Brian Walsh (and his wife Sylvia Keesmaat) were so taken by a Berry-esque vision of embodiment in a place that they helped form an intentional community, Russet House Farm, a small gang who bought an organic farm and learning center in rural Ontario. They are learning homesteading skills even as they read Scripture anew, with creation-care practices illuminating their work as Bible scholars and their Biblical studies work shaping their farming lives. Berry’s line from Imagination in Place comes to mind where he says he has “written as a farmer and farmed as a writer.” Brian & Sylvia are in a similar place, holding workshops on everything from bread-making to Biblical studies of Eucharistic bread-offering.  It was Walsh & Keesmaat who I first heard publicly cite, in a sermon years ago at the annual February Jubilee conference, Mr. Berry’s old subversive Manifesto:Mad Farmer’s Liberation Front poem that we had relished years ago, the one with the concluding line, “practice resurrection.” (That line is taken up as the title for the brand new Eugene Peterson book, the fifth in his solid series of spiritual theology, by the way. I’ll write about that soon.)

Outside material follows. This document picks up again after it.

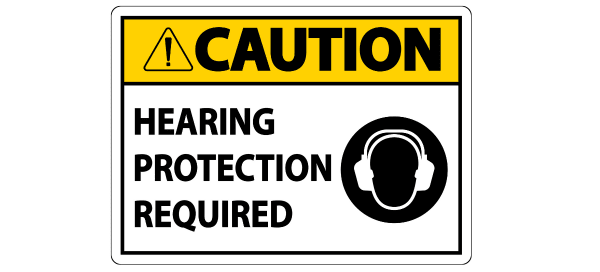 Hearing protection required sign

So, Imagination in Place tells of Wendell Berry’s literary influences, each who captures a sense of place, and how that particularity in poetry or novels or memoir can help us all gain new imagination, new attention, new ways of seeing, our own places.  Odd, how particularity can yield such universal insights.

And, then, a reminder of the urgent and rich and deep work offered as theological resource for this project of stewardly care for our places, Beyond Homelessness: Christian Faith in a Culture of Displacement by Walsh & Bouma-Prediger.  Two related books, though different in style, and both very highly recommended.